Most of the time I love and feel very grateful for the opportunity to work from home. The work is interesting, stimulating, and fulfilling. I feel like I have a real opportunity to have a positive impact of my students’ lives. I love not having to drive in bad weather and I love being able to work around the rest of my life/schedule and around the lives of my kids. I enjoy the income and the professional development. I like contributing the our family’s financial health and feel optimistic about my potential to eventually be able to release my husband from “wage slavery” so we can both enjoy a predominantly home-based life. I enjoy the relationships I create and I enjoy the (admittedly, fairly limited!) “status” of my role. I love gathering and sharing information in a field I care about.

I recently got home from spending four days at of town at a festival in Kansas. On the long car ride there, Birthing Beautiful Ideas posed the question on Facebook: what does working at home look like for you today? My response was: Leaning over the car seat nursing on the way to Kansas while checking in with my online students via iPad! (bless the iPad, possibly the greatest addition to my life this year. I don’t know what I’d do without that thing!) Mondays are always on the rough side for me because I have to enter my grades for the week and that “extra” duty tends to topple me from got-it-under-control-territory into slightly too much territory. This Monday, however, I now have my first batch of 25 papers to grade. As I’ve alluded to in the past, usually online teaching blends seamlessly into my day, often taking roughly the same amount of time and energy that checking in with Facebook would take. During the two weeks each session that papers are due (fifth and seventh weeks out of an 8 week session), the work suddenly feels unmanageable and incompatible with motherhood and I feel taut, tense, and drawn. The kids are need-factories and I’m distracted and impatient and consumed with the NEED to get these freaking things GRADED and OUT OF MY HEAD! So, imagine how I feel today when the getting home from being gone coincides with the first batch of papers! Whew. This morning I happily experienced the modern motherhood sweet spot in which I snuggled comfortably in bed with my nursling, smelling her sweet head and holding my iPad with the other hand while I entered my fairly simple weekly grades. Then the day devolved slightly with people wanting to go outside and me not eating enough and being inexorably pulled into the swirl of un-responded to email backlog from the weekend as well as those dang papers.

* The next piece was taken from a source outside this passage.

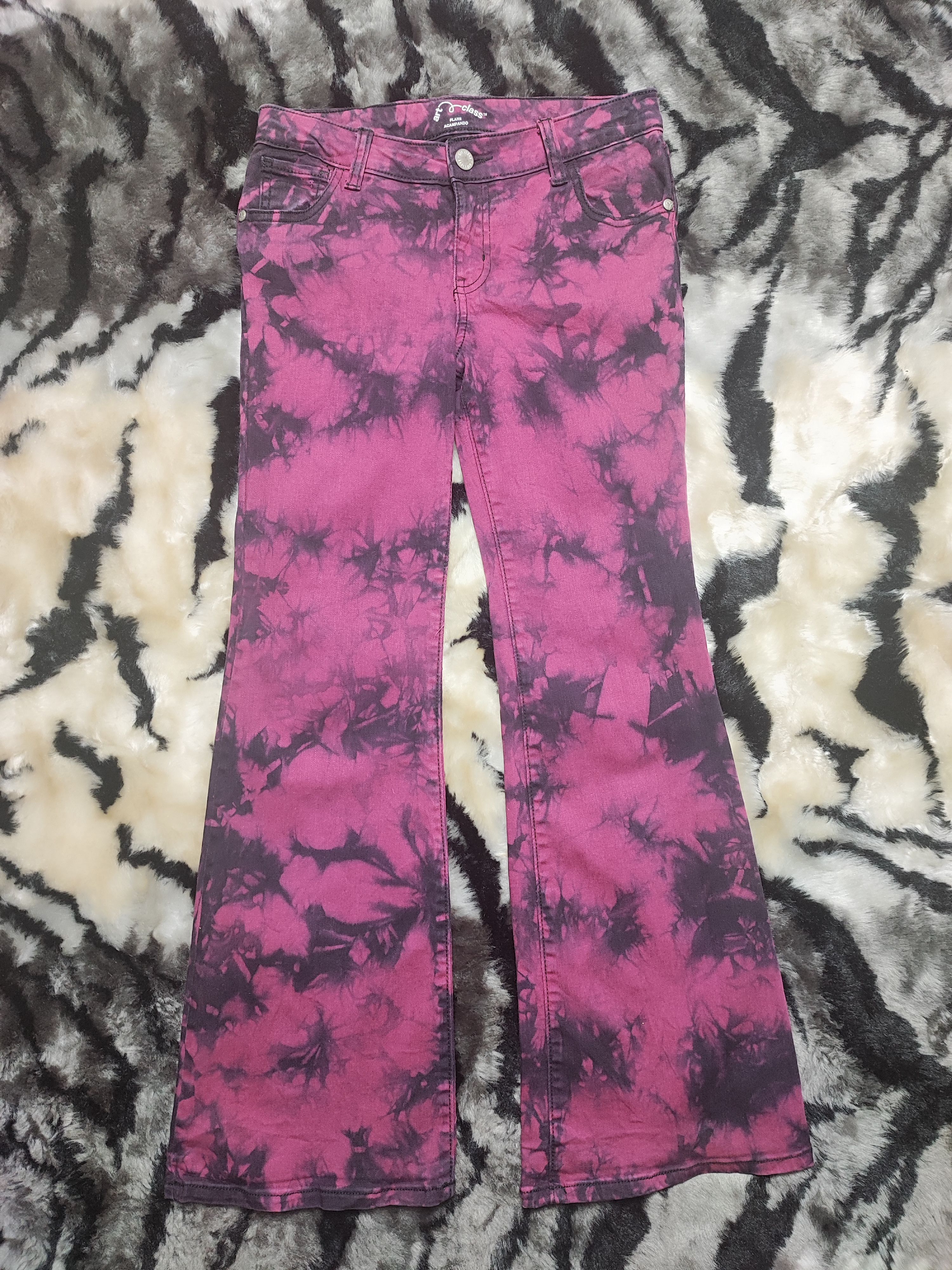 Affliction Tie Dye Jeans Bootcut Art Class Stone Wash Size 26" / US 2 / IT 38 - 11 Thumbnail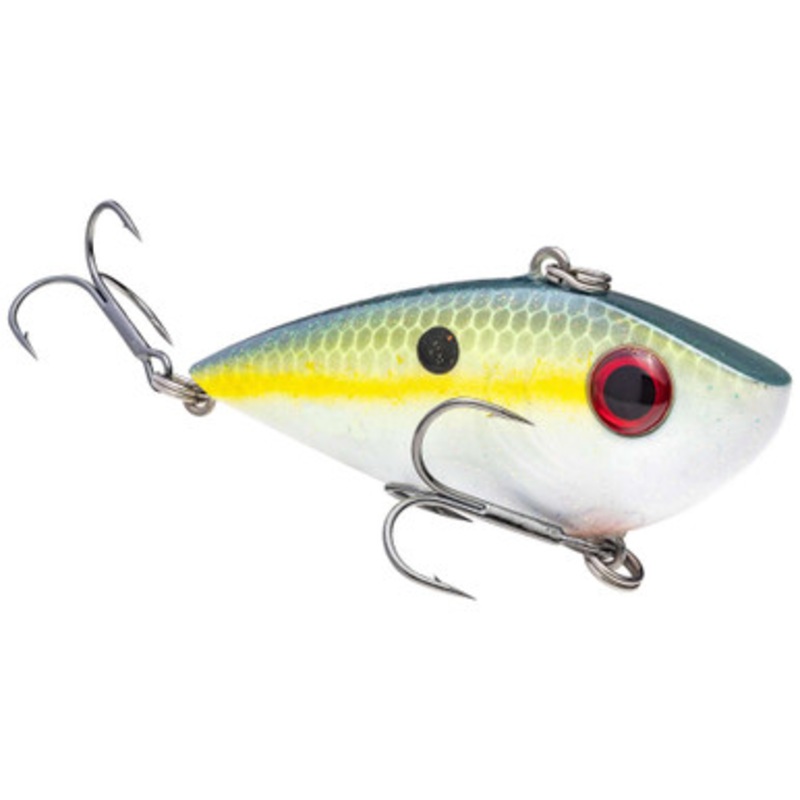 Strike King Red Eyed Shad Tungsten 2 Tap – Chartreuse Sexy Shad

Luckily, past self had some advice for me that came to the rescue this morning. At the close of the last paper grading session I typed myself the following note in my trusty iPad of goodness and beneficence:

Reminders to self about grading papers:

This is temporary
You are guaranteed to finish them. It will happen.
Remember you’ve done it before and it is normal for you to feel stressed, overwhelmed, and unable.

You need:
Two days, part days (Monday and Tuesday) or one whole day to finish.
Write on calendar in advance so you can prepare and give advance warning to helpers.

Don’t schedule anything and/or cancel commitments on those days (including LLL if need be)
Don’t try to do them while Alaina is awake
Skip school with boys–it will be there later
Don’t do any blog posts, school assignments, FB, or any other “work” on those two grading days–don’t secretly plan to do some anyway.
Take breaks for self-renewal
*Ask for help*
*Be kind, but firm and assertive about needing time and space to work. Expect to have this available and “allowed.”*
*Ask clearly for what you need.*

Plan to get up early and stay up late as needed–trust that these times can be backup if naptime/grandparent-visit times get messed up.

Don’t cook real dinners on those two days.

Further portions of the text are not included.